December 24: Romans 8:31-39

As we write this, it is nearing Thanksgiving, and it is a common practice to say what you are thankful for. Family, friends, health, food, housing, and work are frequent themes that children and adults alike name. God commands us to be thankful as we pray, so these are good gifts to thank God for. But they are also potentially temporary. In UBC College Bible study, we have been studying Job, where we see an example of someone who loses all that he has in one day. In the New Testament, Paul loses his freedom and ministry when he is put in prison. In today’s news, wildfires are still raging through California, robbing people of homes and loved ones. If you dwell too long on it, the actual or potential loss that humans suffer can be crushing.

But even in captivity, Paul writes Romans 8:31-39, a joyful celebration of God’s ever-present love. “Who will separate us from the love of Christ? Will hardship, or famine, or nakedness, or peril, or sword?” (v. 35). Paul recognizes that loss of safety and security is a real possibility, but goes on to say, “No, in all these things we are more than conquerors through him who loved us. For I am convinced that neither death, nor life, nor angels, nor rulers, nor things present, nor things to come, nor powers, nor height, nor depth, nor anything else in all creation, will be able to separate us from the love of God in Christ Jesus our Lord” (vv. 37-39). What am amazing promise! There is NOTHING that can take away God’s love in Christ. There’s something to be truly thankful for.

Brent and Amanda Newsom

December 23: Psalm 98:1-9

            I am curious; am I the only one who sets a reminder on their phone for just about everything?  I need to be reminded of daily tasks such as running errands, paying bills, and even calling my grandma on her birthday.  What would we do without technology?  In a deeper sense, God’s people have always struggled with forgetfulness.  The Israelites had just witnessed the incredible miracle of God parting the Red Sea and they walked across on the dry ground where waters had once been rushing.  They were free from Pharaoh and the slavery they had endured in Egypt for hundreds of years.  Then two chapters later they were grumbling against Moses and proclaiming that God had brought them into the wilderness to kill them!  How quickly we forget God’s love and faithfulness!  Thankfully, God is not forgetful.  Psalm 98:3 says “He has remembered his steadfast love and faithfulness to the house of Israel.”

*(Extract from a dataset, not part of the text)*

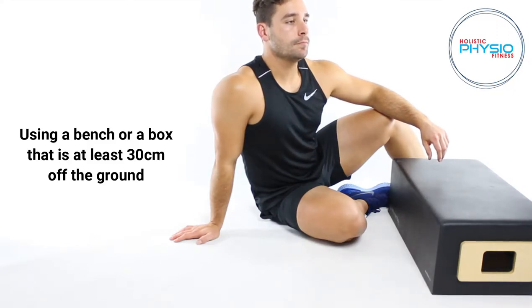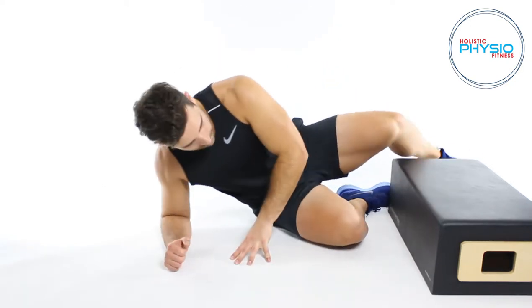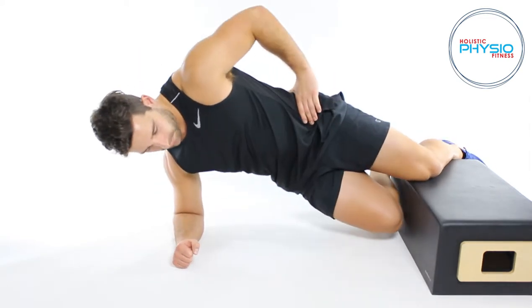Use a bench or box that is at least 30cm off the ground. Place your bent knee on the edge of the bench or box and keep the other knee bent and out of the way.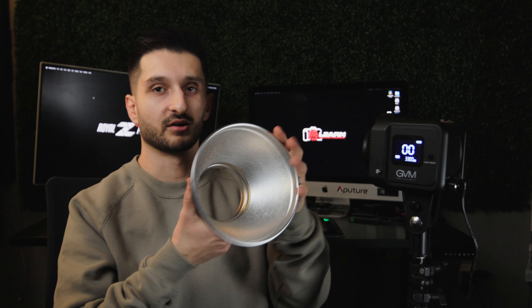When you unbox this light it does come with this little dome — or I guess you'd call it a Fresnel, the pot light. I don't normally use this unless I'm using it as a kicker light on an interview set, which I actually did. These shots had the GVM SD80D high up in the back, pointed directly at the subject in the chair with this attachment on, to really narrow the light onto the back of the subject's head.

            I absolutely love this time of year with its twinkling lights, the smell of spices, and the crisp winter air.  My mind is filled with thoughts of loved ones, the joy of giving to others, and building anticipation of Christmas morning.  Yet the thing I have grown to love most is the manner in which this time of year is set apart to remember our Savior.  Jesus was the ultimate fulfillment of every promise God has ever made.  Jesus proved that God had indeed not only remembered Israel, but the world, and demonstrated his unwavering love by sending us his only Son.

            Christmas morning will come and go, decorations will come down, and we will move into the new year.  It can all feel so empty if we don’t take hold of the true reason we celebrate Christmas:  God remembered.  He saw his people hurting, broken, lost and depraved, and He acted.  He sent Jesus, the embodiment of his love, yet so fragile and small.  Jesus, who would take upon His shoulders the weight of every sin to bring his people true freedom.  Let us remember what we are celebrating:  that his love is and will always be unwavering.

Hannah Little

December 22: Colossians 3:12-17

Many of us have an outfit we can readily bring to mind that is permanently tied to a specific memory. Growing up, my great-grandmother bought my siblings and me a Christmas outfit every year, usually in some variation of red plaid. It was never an exciting day for me when we had to put them on and go to Sears to have our pictures made. For most of my life, I associated that annual event with the start of Christmas.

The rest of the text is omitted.